__TASK DETAILS__
Return only the lines from the one containing "UT191T Профессиональный цифровой" to the end of the entries below, exactly as written, both ends included.

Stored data

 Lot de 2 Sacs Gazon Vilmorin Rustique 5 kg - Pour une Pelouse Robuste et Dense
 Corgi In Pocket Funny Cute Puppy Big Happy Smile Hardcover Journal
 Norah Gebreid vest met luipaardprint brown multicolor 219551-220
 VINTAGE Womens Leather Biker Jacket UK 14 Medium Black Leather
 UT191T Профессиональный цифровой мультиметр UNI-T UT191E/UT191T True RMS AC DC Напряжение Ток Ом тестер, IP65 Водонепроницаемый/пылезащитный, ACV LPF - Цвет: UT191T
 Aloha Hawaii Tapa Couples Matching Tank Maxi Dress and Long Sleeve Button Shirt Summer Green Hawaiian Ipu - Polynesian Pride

__TASK RESULT__
 UT191T Профессиональный цифровой мультиметр UNI-T UT191E/UT191T True RMS AC DC Напряжение Ток Ом тестер, IP65 Водонепроницаемый/пылезащитный, ACV LPF - Цвет: UT191T
 Aloha Hawaii Tapa Couples Matching Tank Maxi Dress and Long Sleeve Button Shirt Summer Green Hawaiian Ipu - Polynesian Pride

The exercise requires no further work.